Status Post: 28 September 2019

Picking up the weekly Status Post thread this week, if only so I remind myself that I’m the kind of person who does this (I’ve been reading Atomic Habits this morning, and it’s affecting the way I think about things).

Sneaking this in quickly before we head South to visit family for the rest of the day, but adding in a new category for those who enjoy kitten-based hi-jinx on the internet.

CURRENT FEELINGS ABOUT THE CAT: Positive.

Admiral Coco Marshmallow Flerkin-Wittingstall has been part of our household for nearly three weeks now, which is about the point that the shelter we adopted her from is willing to concede she’s become part of the family. I continue to be enchanted by some of the bizarre poses she adopts as she lazes around the flat.
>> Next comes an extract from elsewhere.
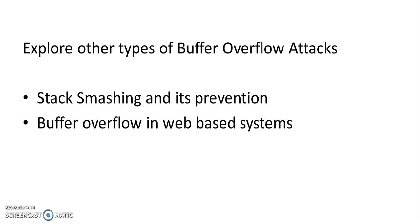There is one attack called stack smashing and its prevention, and buffer overflow in web based systems. I suggest students to explore these kinds of attacks and also understand various preventive measures for buffer overflow attacks.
On the other hand, she has just spent the morning hunting everything. Her felt mousey. The doorstop. My hands. My feet. My leg. The blanket. My phone. Goblins from beyond space and time.

CURRENT WRITING STATUS: Regrouping. Deaths in the family after an anxiety week mean my process has gone out the window, but I’ve been spending a good chunk of my time setting myself up to return to regular progress now that things are calming down.

CURRENT EARWORM: Helmet’s Milquetoast has been stuck in my head for the better part of a week, and I’ve routinely found myself putting the entire Betty album on for a spin as a result.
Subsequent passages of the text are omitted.